The point is not that I found an edgecase not yet included in the best practices, but that someone else will find another one in a year or two, and EIP-3074 makes users vulnerable to any future discoveries. If the best practices two years from now differ in any way from the ones we have today, then the difference between them opens an attack on any user who signed an AUTH during these two years. In the example I demonstrated, users get robbed using a signature they gave a year earlier, using a wallet that implemented the best practices at the time they signed it. When the best practices are updated, the user may be powerless to mitigate the attack.

Users will follow current best practices but will get exploited when the best practices change if they used the wallet at any earlier time.

You implicitly assume currently known malicious invokers. What about whitelisted ones that will have well-hidden intentional bugs, to be discovered at some point in the future (e.g. when the author exploits the bug for the first time)? The invoker will be removed from the whitelist immediately but it doesn’t matter because the user already signed the AUTH. You seem to assume that wallet maintainers will be able to perform the perfect audit on every 3rd party invoker. That is a strong assumption.
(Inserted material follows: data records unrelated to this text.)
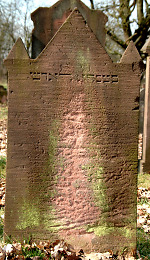 Rückseite, Aufnahme 2010 Vorschaubild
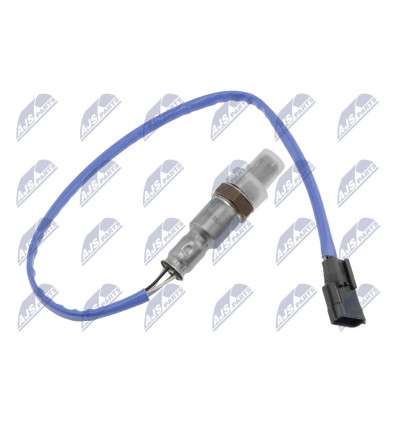 Sonde lambda - Sonde lambda pour Dacia,renault ESL-RE-002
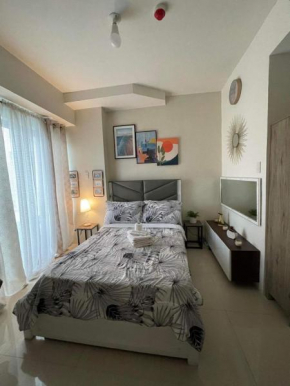 Davao Inspiria Staycation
It is exploitable under these assumptions, because the best best practices you can use are the ones currently known, whereas the vulnerability lies in the ones that will become known in the future. If the best practices change at any point in the future, then yes - AUTH messages signed before the best practices changed are exploitable and therefore EIP 3074 is exploitable.

Sounds like you’re trying to replace smart contracts with invokers. A user could have social recovery by using a wallet that supports that, such as Argent. Switching from an EOA to a contract wallet in-place is a nice hack, but comes with a security price-tag. Users could get the same functionality without the security price, by explicitly moving their assets to a smart contract wallet. We don’t need to change the consensus for that.
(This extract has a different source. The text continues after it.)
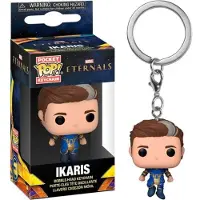 Funko POP! Marvel Eternals - Ikaris - Porte-clés Pocket POP ! Keychain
If you own an ENS name and want someone else to be able to change certain ENS attributes, transfer the ENS name to a contract that accepts any operation from your EOA, and specific attribute changes from another EOA. No need for a new opcode. Contracts can already do that. The price of moving the ENS name to another contract is much smaller than the price we’ll be paying in security by adding this opcode.

Why is that not possible with my proposal or a similar one, where the user signs a list of calls? The wallet will know that the invoker is performing both the approve and the call, so it will put them in a list, sign that list, and send the signature to the invoker. No need for a blank check because everything is known in advance.
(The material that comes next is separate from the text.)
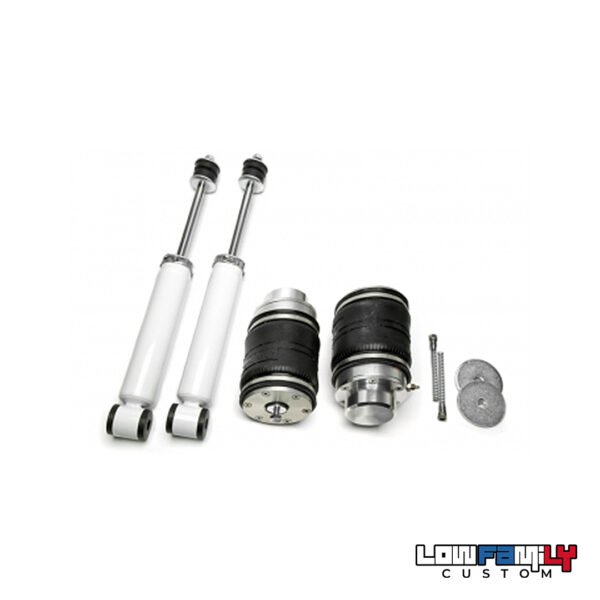 Kit amortisseur arrière TA Technix Mercedes  Classe-S W108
This is not a security issue of EIP-3074, but rather a philosophical disagreement. I trust that we can develop safe contracts. We have many contracts that are considered safe such as the Uniswap contracts, Gnosis safe, Argent wallets, etc. If you don’t trust those, don’t use them. If you don’t trust EIP-3074, don’t use it.

What happens if Gnosis Safe hides a bug deep down in their smart contract only to call in at some far future date? The point of smart contracts is for them to be trustless and publicly auditable. We can write safe contracts. What criteria wallets require before using an invoker is an important, but different matter than the EIP itself. I have described a framework in which this can be done safely.

This is the long-term vision of Ethereum. I am proposing that EIP-3074 can help this effort while improving usability drastically.

It’s not about the specifics, it’s about the class of things EIP-3074 allows. Transaction malleability allows EOA to make delegations off-chain. This is extremely powerful. Your example requires another contract be deployed. My proposal costs the user nothing.

I see, yes in that case this one is okay.